**Work task**
Write out the material below again, line for line, without any images.

**Provided data**
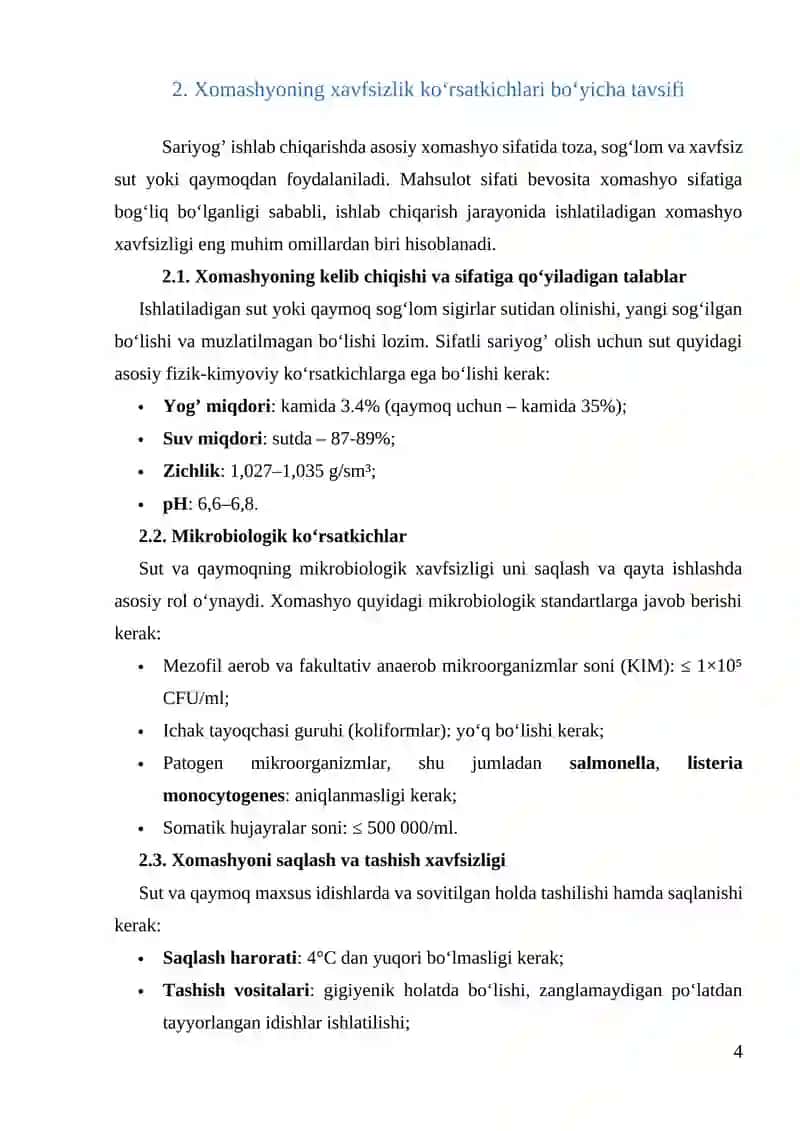 KURS ISHI: “Smenasiga 200 kg sariyog' ishlab chiqarish texnologik linyasini loyihalashtirish” 4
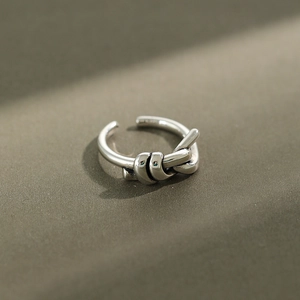 Authentischer 925 Sterlingsilber Knoten Ring Für Damen Vintage Distressed Offener Verstellbarer Fingerring Minimalistischer Schmuck Geschenk
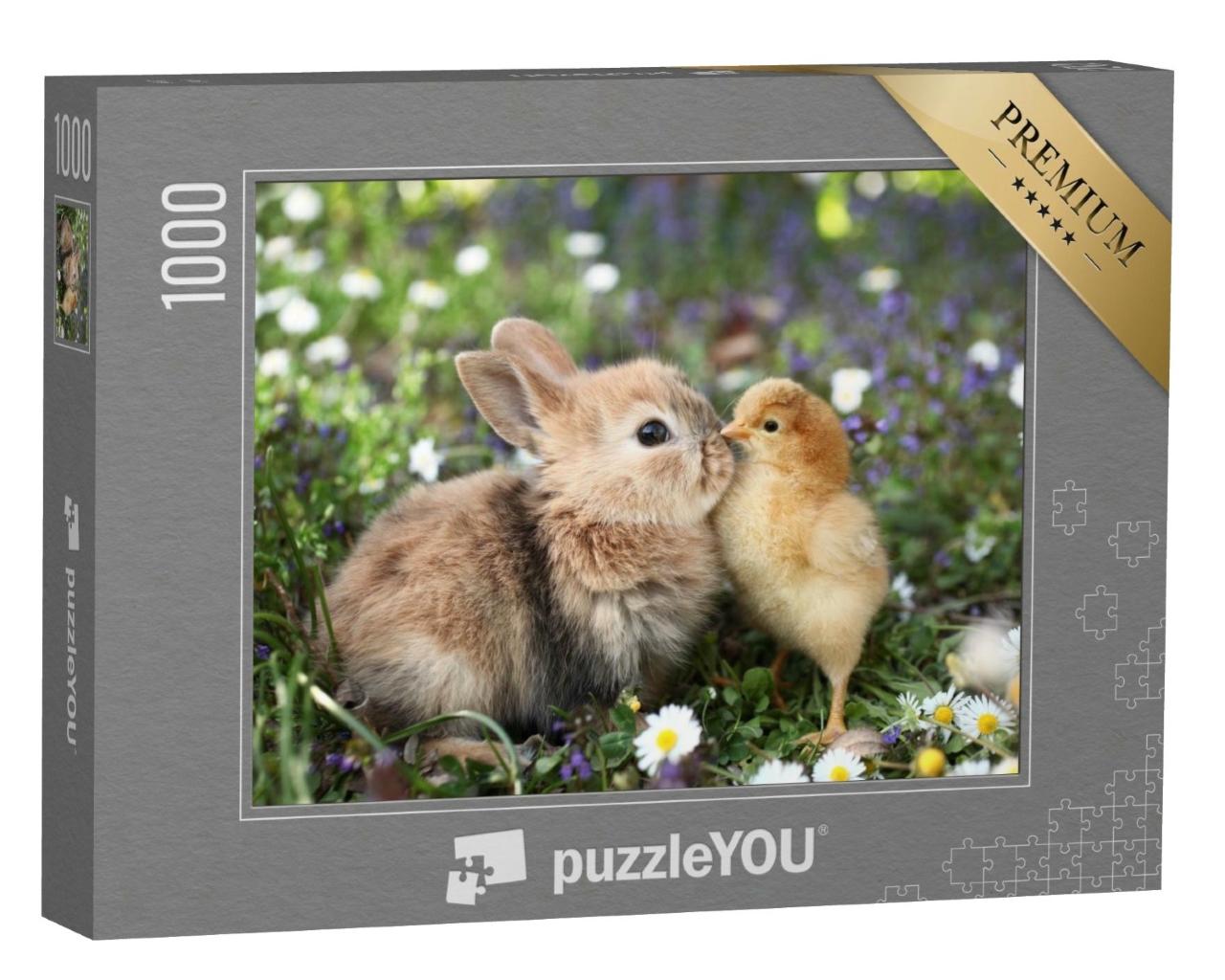 Puzzle de 1000 pièces « Meilleurs amis : petit lapin et poussin »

**Task response**
 KURS ISHI: “Smenasiga 200 kg sariyog' ishlab chiqarish texnologik linyasini loyihalashtirish” 4
 Authentischer 925 Sterlingsilber Knoten Ring Für Damen Vintage Distressed Offener Verstellbarer Fingerring Minimalistischer Schmuck Geschenk
 Puzzle de 1000 pièces « Meilleurs amis : petit lapin et poussin »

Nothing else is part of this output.